REQUIRED ACTION:
Each record should appear again in the response exactly as it does in the original.

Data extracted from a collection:
^^^^^^^^
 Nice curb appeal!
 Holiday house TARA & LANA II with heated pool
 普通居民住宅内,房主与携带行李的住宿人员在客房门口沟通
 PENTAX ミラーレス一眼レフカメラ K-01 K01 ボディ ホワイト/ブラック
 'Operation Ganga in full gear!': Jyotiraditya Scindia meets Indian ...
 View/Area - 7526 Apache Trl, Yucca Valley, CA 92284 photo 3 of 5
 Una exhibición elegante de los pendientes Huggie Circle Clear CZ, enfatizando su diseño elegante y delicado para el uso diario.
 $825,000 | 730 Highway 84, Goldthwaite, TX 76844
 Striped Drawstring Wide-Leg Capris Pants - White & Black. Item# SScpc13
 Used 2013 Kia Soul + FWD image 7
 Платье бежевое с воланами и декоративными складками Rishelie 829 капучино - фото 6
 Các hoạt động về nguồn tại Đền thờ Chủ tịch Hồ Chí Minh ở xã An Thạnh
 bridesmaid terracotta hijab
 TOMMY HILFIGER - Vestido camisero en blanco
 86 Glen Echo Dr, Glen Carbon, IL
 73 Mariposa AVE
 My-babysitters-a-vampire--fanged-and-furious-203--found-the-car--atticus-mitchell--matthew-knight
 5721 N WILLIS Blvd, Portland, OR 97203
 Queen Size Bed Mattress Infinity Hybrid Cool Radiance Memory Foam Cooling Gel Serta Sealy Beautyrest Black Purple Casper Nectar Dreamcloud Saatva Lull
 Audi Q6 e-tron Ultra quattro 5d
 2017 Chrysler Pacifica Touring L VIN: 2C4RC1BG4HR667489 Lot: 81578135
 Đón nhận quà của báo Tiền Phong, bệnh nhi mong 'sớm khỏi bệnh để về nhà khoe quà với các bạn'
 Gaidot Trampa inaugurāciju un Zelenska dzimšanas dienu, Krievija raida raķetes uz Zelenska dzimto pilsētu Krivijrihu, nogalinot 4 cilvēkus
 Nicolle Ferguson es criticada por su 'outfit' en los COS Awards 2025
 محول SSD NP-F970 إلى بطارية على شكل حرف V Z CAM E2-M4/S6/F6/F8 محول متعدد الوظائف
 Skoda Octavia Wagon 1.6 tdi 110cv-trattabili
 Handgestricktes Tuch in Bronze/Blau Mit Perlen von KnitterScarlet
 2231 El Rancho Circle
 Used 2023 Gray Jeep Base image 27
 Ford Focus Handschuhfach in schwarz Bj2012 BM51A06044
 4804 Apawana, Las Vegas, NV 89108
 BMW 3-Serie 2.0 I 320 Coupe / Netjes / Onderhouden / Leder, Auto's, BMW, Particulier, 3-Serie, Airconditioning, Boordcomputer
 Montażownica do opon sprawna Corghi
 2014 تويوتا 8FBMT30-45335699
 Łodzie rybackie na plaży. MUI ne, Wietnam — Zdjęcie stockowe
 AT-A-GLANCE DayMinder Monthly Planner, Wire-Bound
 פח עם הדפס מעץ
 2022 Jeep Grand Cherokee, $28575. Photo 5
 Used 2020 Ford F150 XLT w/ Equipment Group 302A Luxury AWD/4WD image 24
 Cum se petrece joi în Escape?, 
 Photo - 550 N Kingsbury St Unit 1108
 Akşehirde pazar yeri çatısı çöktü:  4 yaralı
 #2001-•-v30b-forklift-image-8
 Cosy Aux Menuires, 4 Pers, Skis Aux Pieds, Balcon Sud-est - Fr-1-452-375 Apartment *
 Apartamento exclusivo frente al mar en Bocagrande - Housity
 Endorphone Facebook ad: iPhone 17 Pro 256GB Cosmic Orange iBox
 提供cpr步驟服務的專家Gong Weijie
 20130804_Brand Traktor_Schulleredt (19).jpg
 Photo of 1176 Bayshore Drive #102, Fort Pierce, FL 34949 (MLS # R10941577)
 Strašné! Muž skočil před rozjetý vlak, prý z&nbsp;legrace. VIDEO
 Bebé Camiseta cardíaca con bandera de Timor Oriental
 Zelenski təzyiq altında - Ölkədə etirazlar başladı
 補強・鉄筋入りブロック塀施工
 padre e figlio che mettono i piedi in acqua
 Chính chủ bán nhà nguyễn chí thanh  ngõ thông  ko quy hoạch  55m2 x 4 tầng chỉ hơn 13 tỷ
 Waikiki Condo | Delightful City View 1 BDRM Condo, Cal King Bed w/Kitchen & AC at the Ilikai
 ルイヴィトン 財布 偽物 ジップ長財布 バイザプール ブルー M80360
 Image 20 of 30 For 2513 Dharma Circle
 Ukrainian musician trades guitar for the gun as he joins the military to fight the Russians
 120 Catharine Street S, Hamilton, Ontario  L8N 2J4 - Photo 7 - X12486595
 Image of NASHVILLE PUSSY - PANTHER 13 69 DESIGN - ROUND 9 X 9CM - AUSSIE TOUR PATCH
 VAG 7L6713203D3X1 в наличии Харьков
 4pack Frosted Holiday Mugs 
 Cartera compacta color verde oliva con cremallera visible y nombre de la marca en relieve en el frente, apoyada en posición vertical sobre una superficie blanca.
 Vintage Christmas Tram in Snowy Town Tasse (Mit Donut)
^^^^^^^^
OUTPUT FOR THIS EXERCISE:
 Nice curb appeal!
 Holiday house TARA & LANA II with heated pool
 普通居民住宅内,房主与携带行李的住宿人员在客房门口沟通
 PENTAX ミラーレス一眼レフカメラ K-01 K01 ボディ ホワイト/ブラック
 'Operation Ganga in full gear!': Jyotiraditya Scindia meets Indian ...
 View/Area - 7526 Apache Trl, Yucca Valley, CA 92284 photo 3 of 5
 Una exhibición elegante de los pendientes Huggie Circle Clear CZ, enfatizando su diseño elegante y delicado para el uso diario.
 $825,000 | 730 Highway 84, Goldthwaite, TX 76844
 Striped Drawstring Wide-Leg Capris Pants - White & Black. Item# SScpc13
 Used 2013 Kia Soul + FWD image 7
 Платье бежевое с воланами и декоративными складками Rishelie 829 капучино - фото 6
 Các hoạt động về nguồn tại Đền thờ Chủ tịch Hồ Chí Minh ở xã An Thạnh
 bridesmaid terracotta hijab
 TOMMY HILFIGER - Vestido camisero en blanco
 86 Glen Echo Dr, Glen Carbon, IL
 73 Mariposa AVE
 My-babysitters-a-vampire--fanged-and-furious-203--found-the-car--atticus-mitchell--matthew-knight
 5721 N WILLIS Blvd, Portland, OR 97203
 Queen Size Bed Mattress Infinity Hybrid Cool Radiance Memory Foam Cooling Gel Serta Sealy Beautyrest Black Purple Casper Nectar Dreamcloud Saatva Lull
 Audi Q6 e-tron Ultra quattro 5d
 2017 Chrysler Pacifica Touring L VIN: 2C4RC1BG4HR667489 Lot: 81578135
 Đón nhận quà của báo Tiền Phong, bệnh nhi mong 'sớm khỏi bệnh để về nhà khoe quà với các bạn'
 Gaidot Trampa inaugurāciju un Zelenska dzimšanas dienu, Krievija raida raķetes uz Zelenska dzimto pilsētu Krivijrihu, nogalinot 4 cilvēkus
 Nicolle Ferguson es criticada por su 'outfit' en los COS Awards 2025
 محول SSD NP-F970 إلى بطارية على شكل حرف V Z CAM E2-M4/S6/F6/F8 محول متعدد الوظائف
 Skoda Octavia Wagon 1.6 tdi 110cv-trattabili
 Handgestricktes Tuch in Bronze/Blau Mit Perlen von KnitterScarlet
 2231 El Rancho Circle
 Used 2023 Gray Jeep Base image 27
 Ford Focus Handschuhfach in schwarz Bj2012 BM51A06044
 4804 Apawana, Las Vegas, NV 89108
 BMW 3-Serie 2.0 I 320 Coupe / Netjes / Onderhouden / Leder, Auto's, BMW, Particulier, 3-Serie, Airconditioning, Boordcomputer
 Montażownica do opon sprawna Corghi
 2014 تويوتا 8FBMT30-45335699
 Łodzie rybackie na plaży. MUI ne, Wietnam — Zdjęcie stockowe
 AT-A-GLANCE DayMinder Monthly Planner, Wire-Bound
 פח עם הדפס מעץ
 2022 Jeep Grand Cherokee, $28575. Photo 5
 Used 2020 Ford F150 XLT w/ Equipment Group 302A Luxury AWD/4WD image 24
 Cum se petrece joi în Escape?, 
 Photo - 550 N Kingsbury St Unit 1108
 Akşehirde pazar yeri çatısı çöktü:  4 yaralı
 #2001-•-v30b-forklift-image-8
 Cosy Aux Menuires, 4 Pers, Skis Aux Pieds, Balcon Sud-est - Fr-1-452-375 Apartment *
 Apartamento exclusivo frente al mar en Bocagrande - Housity
 Endorphone Facebook ad: iPhone 17 Pro 256GB Cosmic Orange iBox
 提供cpr步驟服務的專家Gong Weijie
 20130804_Brand Traktor_Schulleredt (19).jpg
 Photo of 1176 Bayshore Drive #102, Fort Pierce, FL 34949 (MLS # R10941577)
 Strašné! Muž skočil před rozjetý vlak, prý z&nbsp;legrace. VIDEO
 Bebé Camiseta cardíaca con bandera de Timor Oriental
 Zelenski təzyiq altında - Ölkədə etirazlar başladı
 補強・鉄筋入りブロック塀施工
 padre e figlio che mettono i piedi in acqua
 Chính chủ bán nhà nguyễn chí thanh  ngõ thông  ko quy hoạch  55m2 x 4 tầng chỉ hơn 13 tỷ
 Waikiki Condo | Delightful City View 1 BDRM Condo, Cal King Bed w/Kitchen & AC at the Ilikai
 ルイヴィトン 財布 偽物 ジップ長財布 バイザプール ブルー M80360
 Image 20 of 30 For 2513 Dharma Circle
 Ukrainian musician trades guitar for the gun as he joins the military to fight the Russians
 120 Catharine Street S, Hamilton, Ontario  L8N 2J4 - Photo 7 - X12486595
 Image of NASHVILLE PUSSY - PANTHER 13 69 DESIGN - ROUND 9 X 9CM - AUSSIE TOUR PATCH
 VAG 7L6713203D3X1 в наличии Харьков
 4pack Frosted Holiday Mugs 
 Cartera compacta color verde oliva con cremallera visible y nombre de la marca en relieve en el frente, apoyada en posición vertical sobre una superficie blanca.
 Vintage Christmas Tram in Snowy Town Tasse (Mit Donut)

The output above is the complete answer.